Bons du Trésor américain : une protection efficace en des temps troublés

par Jerome Nunan, Directeur des investissements Multi-Asset chez Aviva Investors

Au cours du mois écoulé, les schémas de corrélation entre les classes d’actifs n’ont pas évolué de manière traditionnelle. Nous avons notamment observé des périodes durant lesquelles les rendements des bons du Trésor américain ont augmenté (leur valeur a donc baissé), alors que les marchés actions corrigeaient. Pourquoi les investisseurs ont-ils abandonné les actifs refuges alors que les marchés enregistraient leur plus forte baisse depuis 40 ans ?

La réponse à cette question tient à la fuite des investisseurs vers l’actif refuge par excellence : les liquidités.

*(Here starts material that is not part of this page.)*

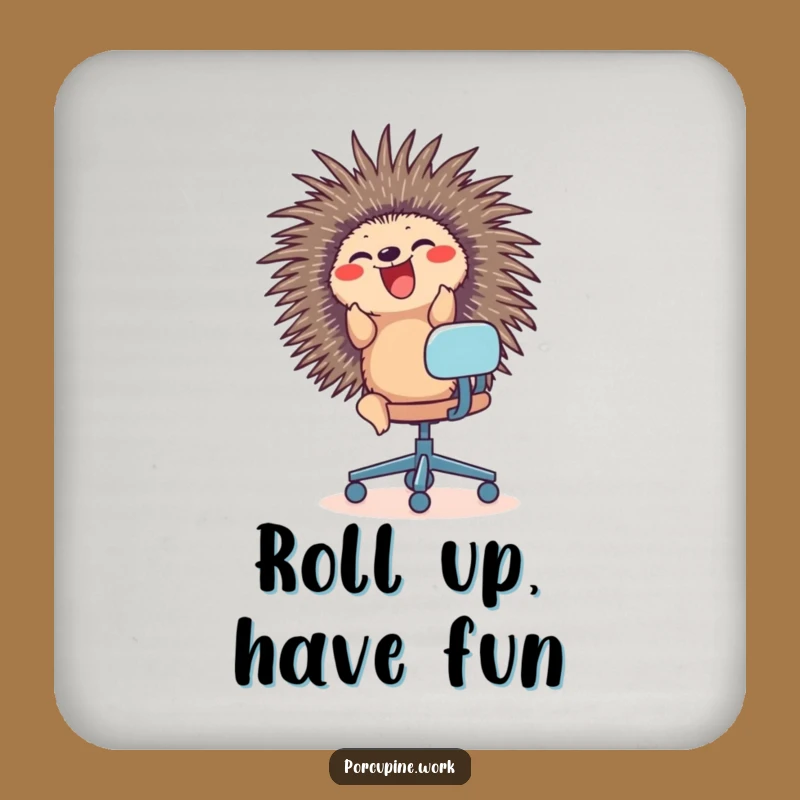 Funny Porcupine Office Chair Coaster: Protect Surfaces with Playful Charm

Premièrement, les modèles qui sous-tendent certains processus d'investissement, comme dans les fonds multi-actifs « risk-parity » et certains hedge funds obligataires, sont devenus inopérants face à la chute récente des marchés. Ils ont donc été contraints de réduire leur niveau de risque, de vendre des actifs et de trouver de l’argent frais.

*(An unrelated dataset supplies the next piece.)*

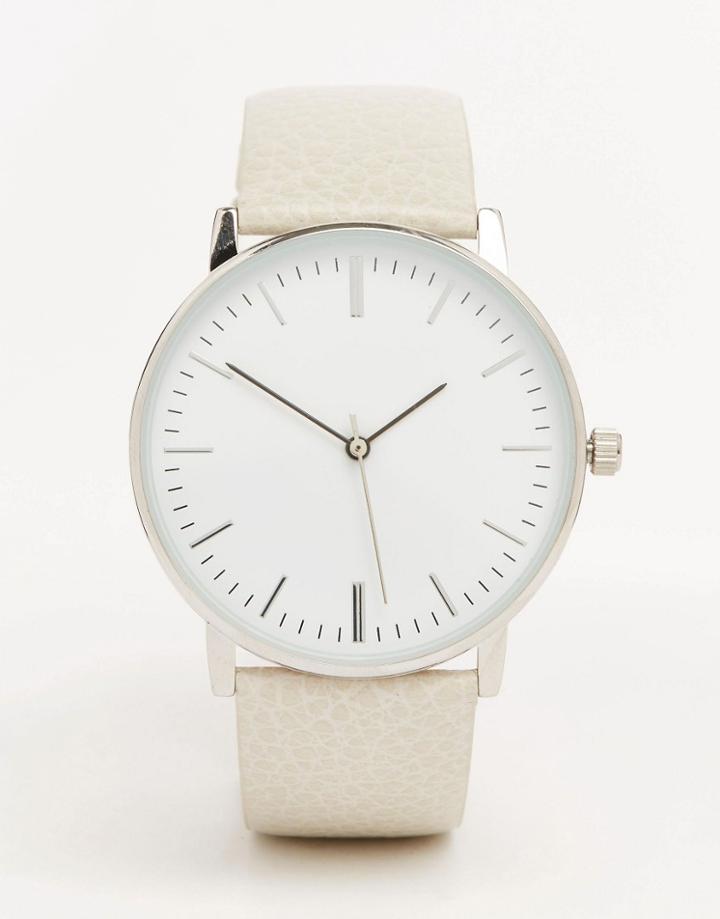 Asos Premium Leather Watch - Cream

Deuxièmement, de nombreux fonds doivent trouver des liquidités pour répondre aux demandes de rachats. Dans les conditions de marché actuelles, où certains actifs sont devenus quasiment illiquides, les gérants d’actifs vendent ce qu’ils peuvent et non ce qu’ils voudraient. Les bons du Trésor américain leur permettent de répondre plus facilement aux demandes de rachats. En effet, s’ils doivent rester exposés à l’actif sous-jacent, ils peuvent vendre l’obligation physique et lever du cash, puis acheter un swap qui ne nécessite qu’une faible proportion de ce cash.

Compte tenu de cette situation des gérants de fonds, les prix des actifs sont davantage déterminés par la liquidité que par les fondamentaux. Si cette situation peut poser problème à court terme dans le cadre d’une construction de portefeuille classique, elle offre également des opportunités aux investisseurs de long terme et disposés à se positionner en contrepartie de ce type d’opération.

Ces deux dernières semaines, les tensions ont été exceptionnelles sur les marchés. Cela s’est traduit par une évolution des corrélations entre actifs et un assèchement de la liquidité de nombreux segments de marché. Même les portefeuilles bien diversifiés ont été pénalisés par cet environnement. Aujourd’hui, la priorité est de faire fi de la volatilité actuelle et d’essayer de ne pas modifier sensiblement les positionnements actuels.

Les institutions politiques et monétaires essaient de remplir leur rôle en prenant des mesures sans précédent et certains signes tendent à montrer que l’évolution des prix commence à se normaliser. Les incertitudes vont persister encore quelque temps, mais les niveaux de corrélation habituels finiront par réapparaître. Autrement dit, les principes de construction de portefeuilles de long terme conservent tous leurs bienfaits.